To calculate the percent yield, you need to compare the actual yield (the amount of water you collected) with the theoretical yield (the amount of water that would be produced based on the balanced equation).
First, let's calculate the molar mass of H3PO4:
H3PO4: 3(1.00784 g/mol) + 1(15.999 g/mol) + 4(31.9988 g/mol) = 97.994 g/mol
Next, calculate the molar mass of KOH:
KOH: 1(39.0983 g/mol) + 1(1.00784 g/mol) + 16.00 g/mol = 56.105 g/mol
Now, let's calculate the number of moles of H3PO4:
moles of H3PO4 = mass of H3PO4 / molar mass of H3PO4
moles of H3PO4 = 49.0 g / 97.994 g/mol = 0.500 mol
Next, calculate the number of moles of KOH:
moles of KOH = mass of KOH / molar mass of KOH
moles of KOH = 112 g / 56.105 g/mol = 1.997 mol
According to the balanced equation, the ratio between H3PO4 and H2O is 1:3. This means that for every mole of H3PO4, 3 moles of H2O should be produced.

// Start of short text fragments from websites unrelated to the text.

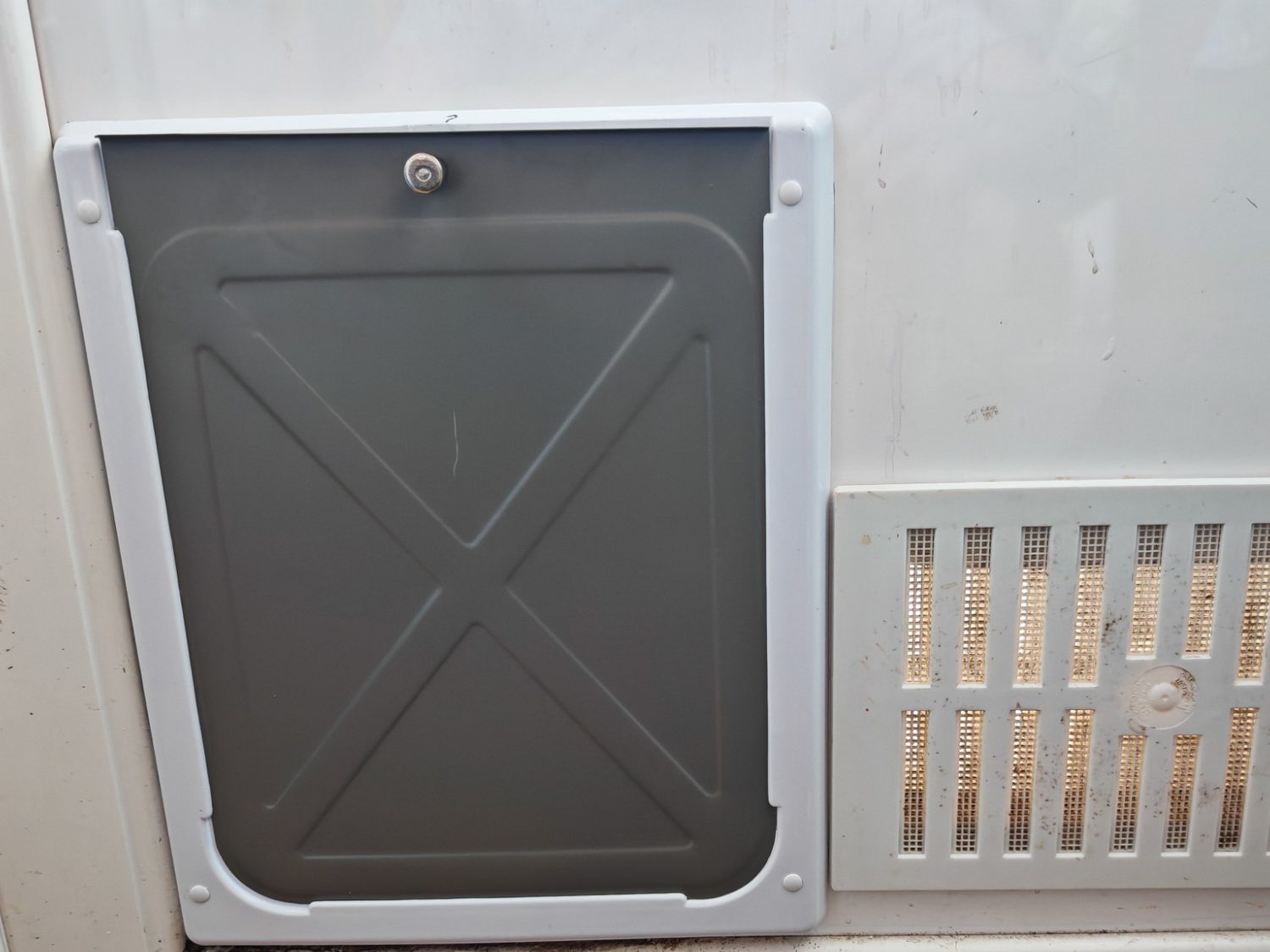 The other side of the same door, with the closing panel slid into the dog flap frame
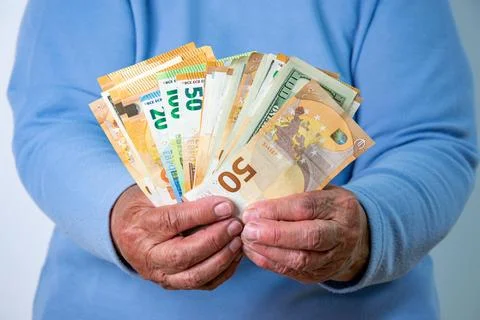 A close-up shot of an elderly persons hands holding a fan of Euro and US Do.. Stock Photos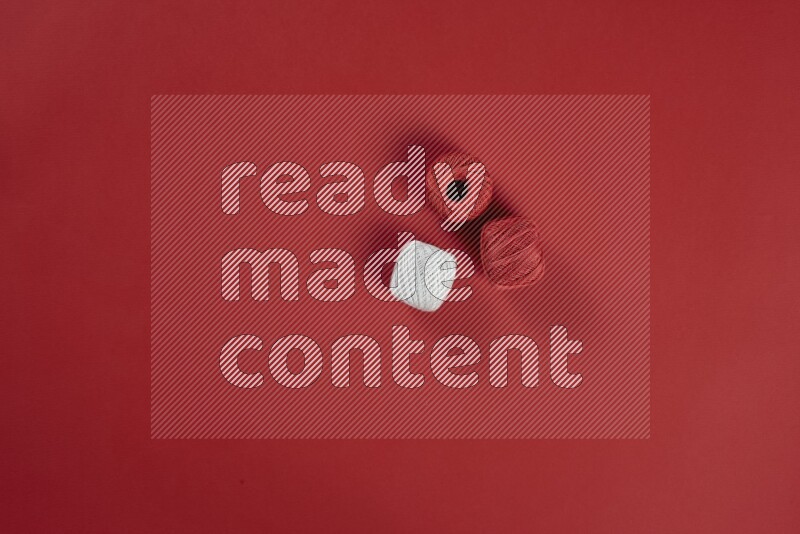 A white collection of sewing and tailoring tools arranged on a red background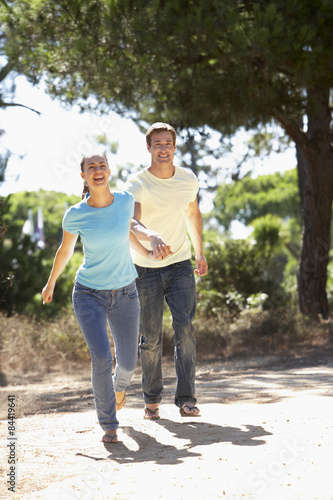 Young Couple On Romantic Walk In Countryside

The theoretical yield of water can be calculated based on the moles of H3PO4:
moles of H2O = 3 * moles of H3PO4 = 3 * 0.500 mol = 1.500 mol
Now, calculate the mass of the theoretical yield of water:
mass of H2O = moles of H2O * molar mass of H2O
mass of H2O = 1.500 mol * 18.015 g/mol = 27.023 g
Finally, calculate the percent yield:
percent yield = (actual yield / theoretical yield) * 100
percent yield = (25.0 g / 27.023 g) * 100 = 92.5%
Therefore, the percent yield in this reaction is 92.5%.